My position has been that polygamy is allowed, just no divorce, no exceptions, that's my opponents view on divorce also, he just disagrees on polygamy. I don't know if you agree, but as an exercise, if you did, does this argument still work if no divorces are valid?
Methinks that most folks have the wrong idea about Yeshua's statement that it was because of the hardness of our hearts that Moses permitted divorce... they take it as some sort of a concession because He just knows we're going to sin anyway... This is problematic, theologically, to me. It doesn't seem coherent. Why not just make prostitution and abortion legal, then, since folks are going to do it anyway and at least if it is legal, then it isn't sin...

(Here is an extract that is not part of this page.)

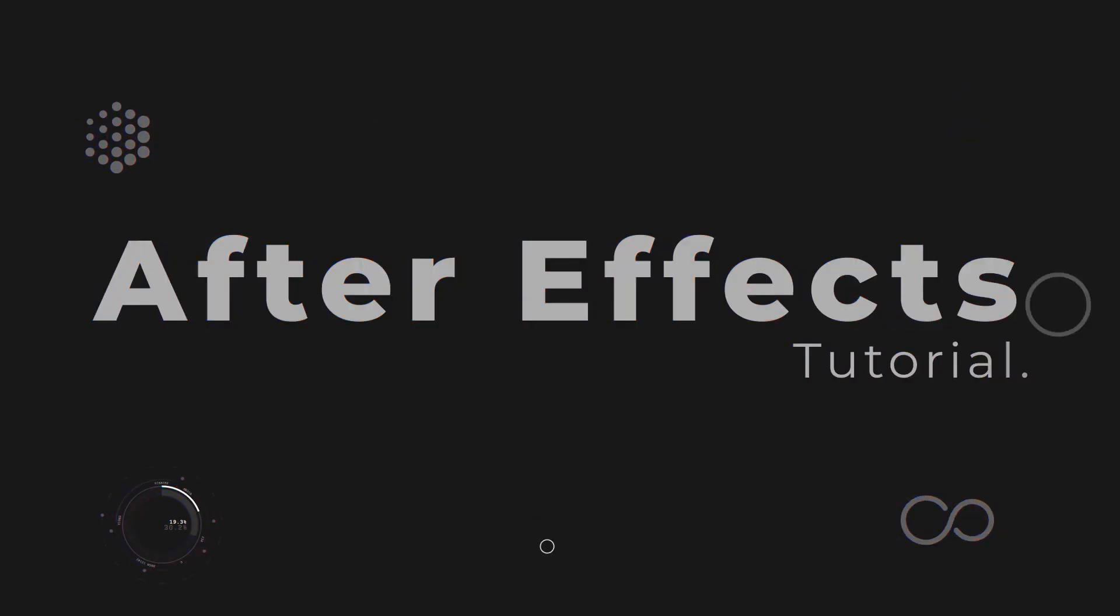Hello everyone, welcome to another After Effects easy tutorial. In this tutorial, we shall learn how to create a countdown timer in After Effects.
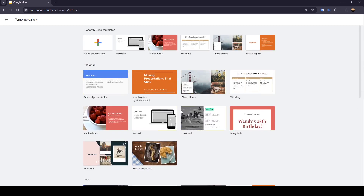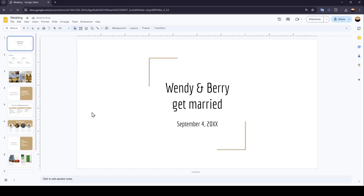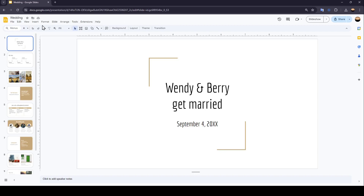For example, I'm going to choose this template. The template is now loading, and once finished loading you're going to be here in the editor. Right here you're going to find all of the tools that you need in order to customize your presentation. You're going to find all of the sections: File, Edit, View, Insert, Format, Slide, Arrange, Tools, Extensions, and Help.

No, I think divorce is like another matter: The general trend in Scripture, as I read it, is that killing one's kids is not okay. Yet, there is a passage which instructs on taking a rebellious son to the elders to be put down. Why? Because, as my mind reasons, there are some situations that are worse than killing a particular individual... such as allowing them to live. Does God hate oxen? If He did, why are we instructed to not muzzle them whilst they tread the grain? Yet, an ox that thrusts and is not properly restrained against killing folks must be put down. So, I think what Yeshua was really saying was that some people are so hard-hearted against even their spouse that to force the other party to remain married to them (In certain, hard, specific circumstance - not just for any reason), divorce (which He hates) is permissible because there are other things which are worse.

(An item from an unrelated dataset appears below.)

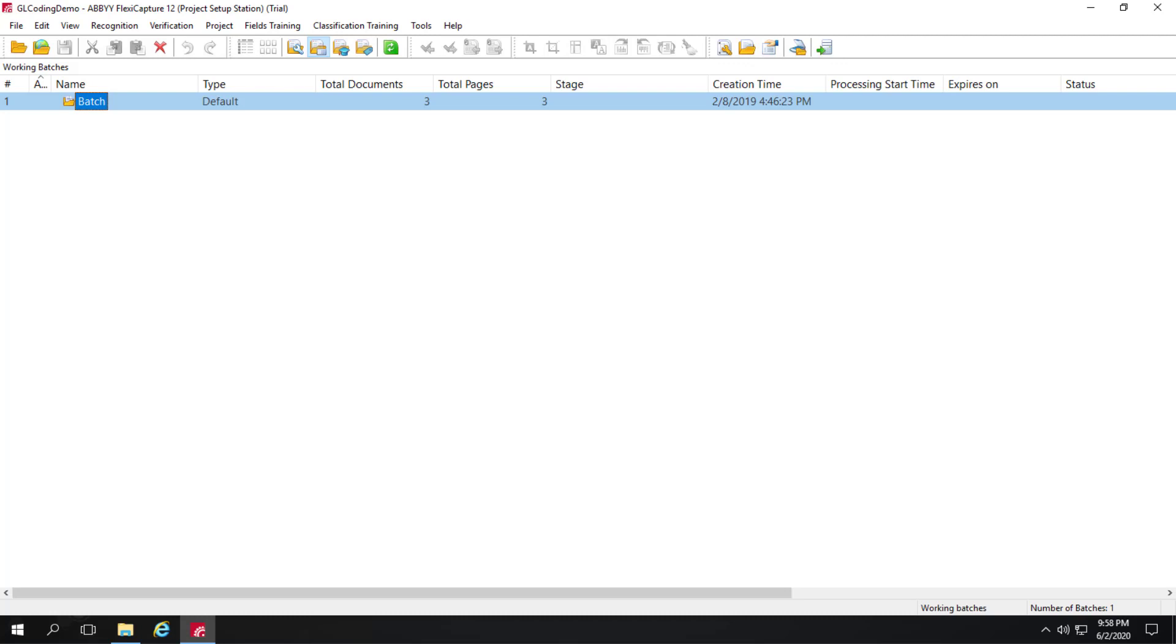GL coding. General ledger codes help you organize your expenses. Coding your non-PO invoices as you receive them makes it easier to track your company's spend. But of course, doing so takes some time.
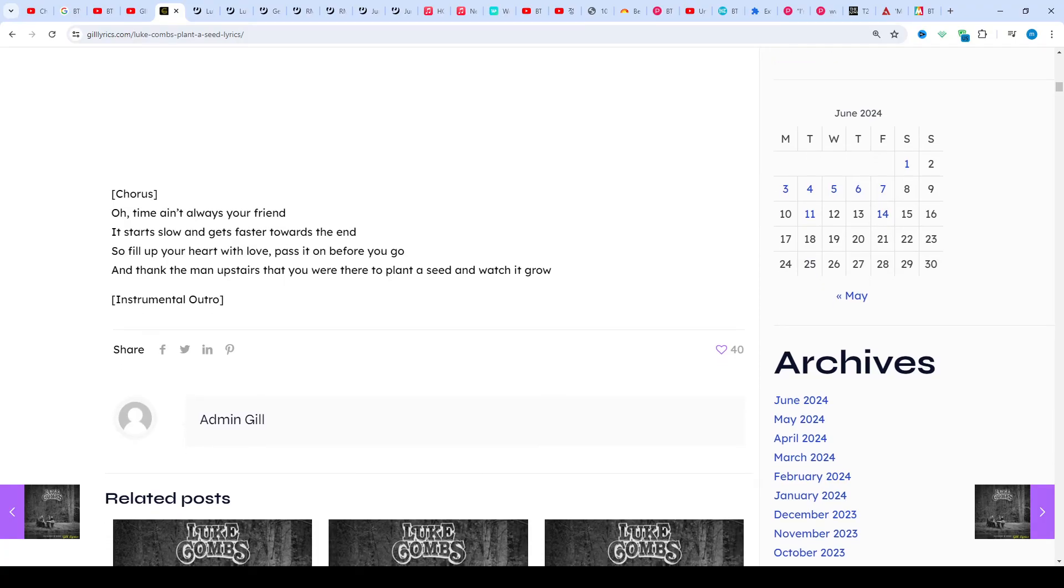Let's see Seed by Luke Combs, track 9 on the album Fathers and Sons. Producers: Jonathan Single, Luke Combs, and one more. This song released on 14th June 2024.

For example: Joseph: Knows Mary is pregnant. Knows he didn't do it. Who are the witnesses she committed adultery against her betrothal? There can be none. Who is to say he didn't do it? He is his only witness. She, being an honest woman would probably have vouched for that much at least, but not that she had sinned against him. Let us imagine, now, however, that it wasn't Joseph and Mary. Let's say it was Reuven and Naomi. Reuven's little blue pills haven't been effective for a year. He's not been able to get it up, as it were. Naomi winds up pregnant somehow anyway. So, he knows he didn't do it. Yet, what can he prove in a Torah court? What did he witness? Did he catch her in the act? Will it be his word against hers?
I think, in such a case, or others, there is cause for Reuven to say: "Well, I can't prove I didn't impregnate you, but I KNOW I didn't. Get thee gone, woman!"
In such a scenario, is God permitting divorce, say, because He knows Reuven is going to be a hard-hearted asshole who just wants to trade Naomi in for a newer toy? Or is it because people like Naomi are hard-hearted enough to create situations from which there needs to be a righteous way out?